An earlier blog, The Power behind Envisioning, describes the Georgia Vision Project, one state’s effort to rally residents in support of a singular high-stakes cause—providing all children in the state with an excellent education so they can be successful in college, career, and life.
A risky endeavor, you say? You bet it is, but so far, the response to the 45 recommendations has been great, say the planners. That response could be sheer luck, but it’s doubtful.
Take, for instance, the fact that the George Lucas Foundation has tapped Whitfield County Schools in rural northwestern Georgia (where 66% of students qualify for free or reduced-price lunch) to be part of its new “Schools that Work” series. At first glance, Whitfield County, which includes five public middle schools embracing project-based learning, seems the polar opposite of the first school profiled in the series—San Diego’s High Tech High, a network of nine K–12 charter schools founded by a coalition of business leaders and educators and with an annual operating budget of about $27 million. Despite marked differences in school culture and resources, the schools share important principles: a common intellectual mission, personalization, and adult-world connections.

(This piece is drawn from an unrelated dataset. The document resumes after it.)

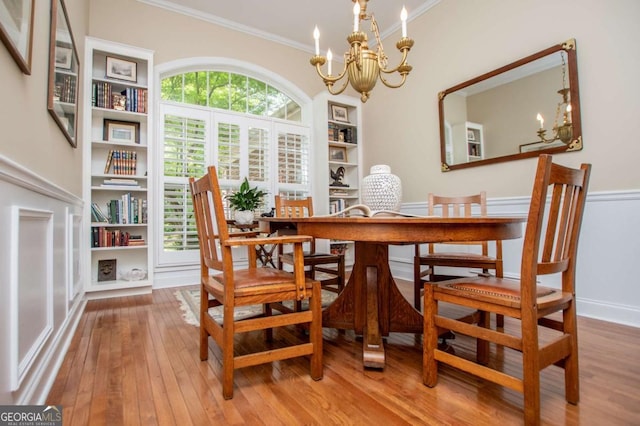 dining room featuring wood-type flooring, ornamental molding, built in features, baseboards, and a notable chandelier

And herein is a lesson for us all.
Perhaps more school districts should be like Whitfield County, where educators are respected enough by the community to make decisions about what is and isn’t good for their kids; where supporting one another is a practice, not just an idea (e.g., administrators fulfill morning duties so teachers can meet and plan together); and where there is freedom to try and even fail at new ways to engage students in learning for today and tomorrow.
Recommendation 8.4 of A Vision for Public Education in Georgia is this: Develop a culture and climate that foster innovation and responsible risk-taking. Whitfield County can check this one off the list.